The answer is the full listing restated exactly, without any pictures.

++++ SUPPLIED INFORMATION ++++

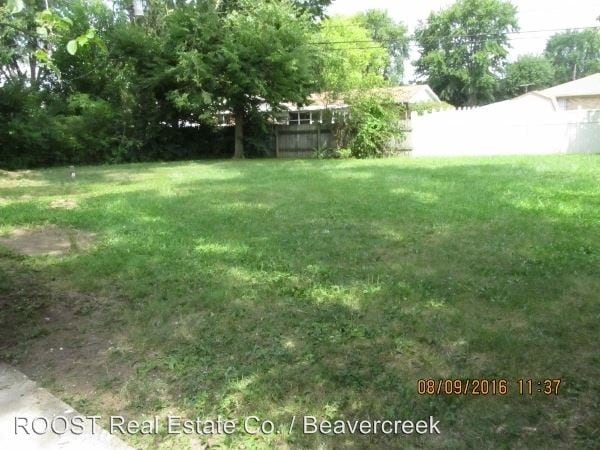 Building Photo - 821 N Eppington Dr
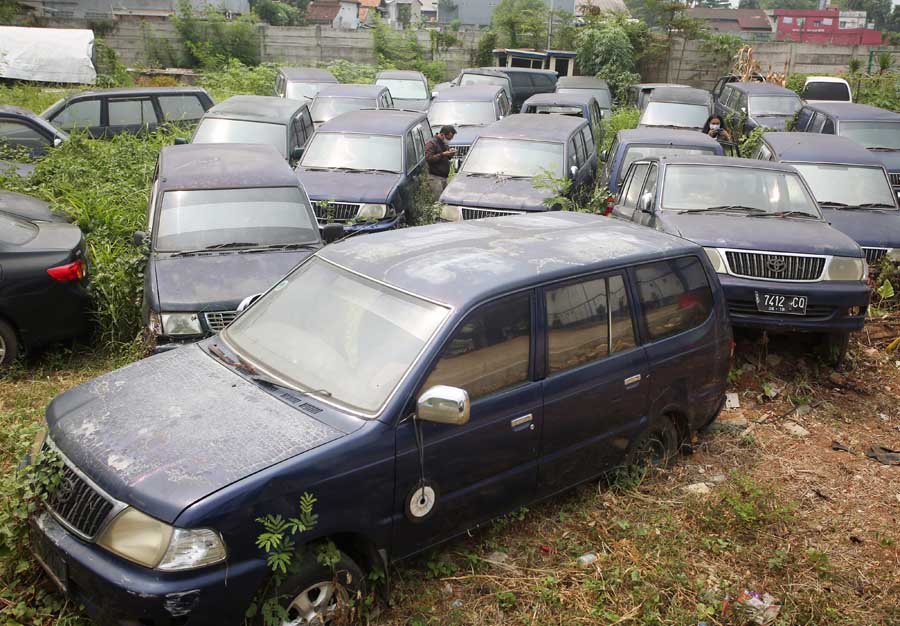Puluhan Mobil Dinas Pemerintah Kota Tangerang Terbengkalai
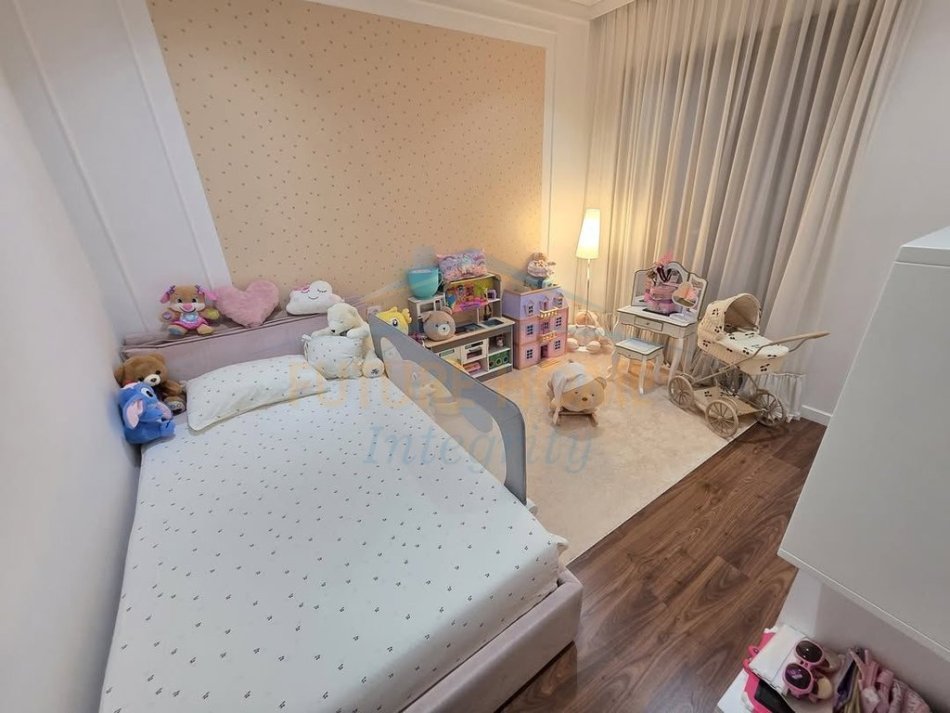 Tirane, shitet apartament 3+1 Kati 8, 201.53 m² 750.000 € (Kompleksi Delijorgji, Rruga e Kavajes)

++++

THE ANSWER:
 Building Photo - 821 N Eppington Dr
Puluhan Mobil Dinas Pemerintah Kota Tangerang Terbengkalai
 Tirane, shitet apartament 3+1 Kati 8, 201.53 m² 750.000 € (Kompleksi Delijorgji, Rruga e Kavajes)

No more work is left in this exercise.